Oui, mais le libéral dit aujourd’hui pis que pendre du libéralisme. Le procès qu’il lui fait est tout à fait bizarre. Le libéralisme était une bonne chose du 17ème au 20ème siècle, jusqu’à ce qu’un tandem arrive au pouvoir : Thatcher et Reagan. L’école de Chicago a commencé à déraper et à faire appel à l’Etat, qui a même osé mettre fin à la puissance syndicale et diminuer la progressivité de l’impôt. Ces mesures sont caractéristiques du mauvais libéralisme, elles ont dépassé toute mesure après l’attentat du 11 septembre 2001 et les relances faites pour soutenir une croissance menacée par la peur du terrorisme.
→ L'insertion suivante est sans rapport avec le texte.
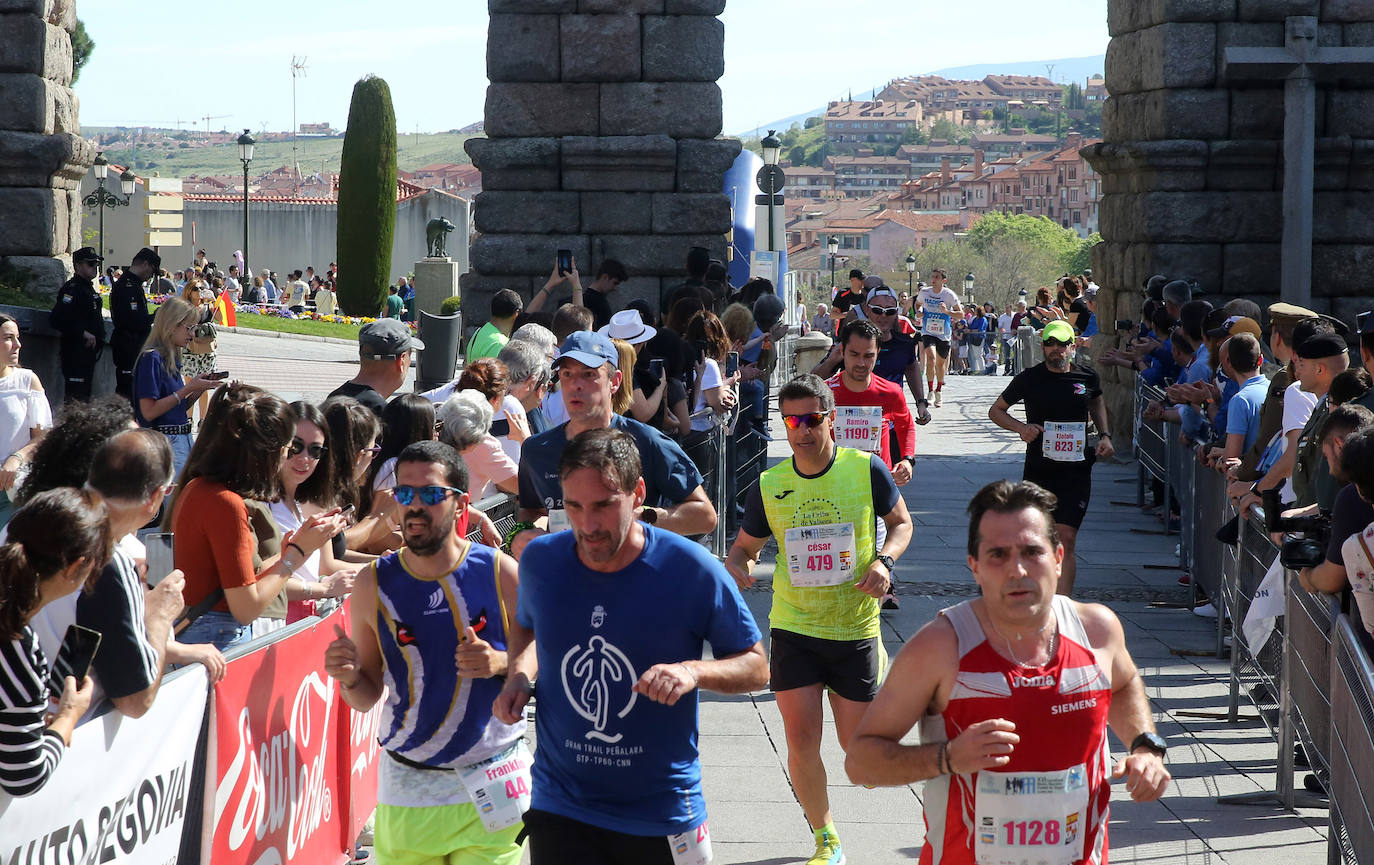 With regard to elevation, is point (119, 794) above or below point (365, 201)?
below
Mais Fukuyama s’accommode très bien de la peur du réchauffement climatique, et le voici condamnant l’individualisme propre au libéralisme, en énumérant ce qu’en disent les opposants au libéralisme : pas d’égalité véritable, discrimination contre les races, démonisme ignoré, et tous vices que le lecteur va découvrir sous l plume de l’auteur, qui fait comme s(il les repérait à son tour ;
Je crois que les Français n’avaient pas besoin de ce livre pour haïr le libéralisme. D’ailleurs Fukuyama n’a pas eu le temps à George Mason d’écouter les cours d’histoire de la pensée de Léonard Liggio. Il y aurait appris qu’ont existé un certain nombre de philosophes, économistes, français du nom de Turgot, Say, Tocqueville, Charles Comte, Constant, Bastiat : aucun de ces nobles ancêtres ne lui semble connu, aucun français. De quoi confirmer que le libéralisme n’est pas fait pour la France, ni pour le monde actuel d’ailleurs !
[1] Francis Fukyama Libéralisme vents contraires, édi. Saint Simon Paris, 2023. Il fallait nien Saint Simon aussi !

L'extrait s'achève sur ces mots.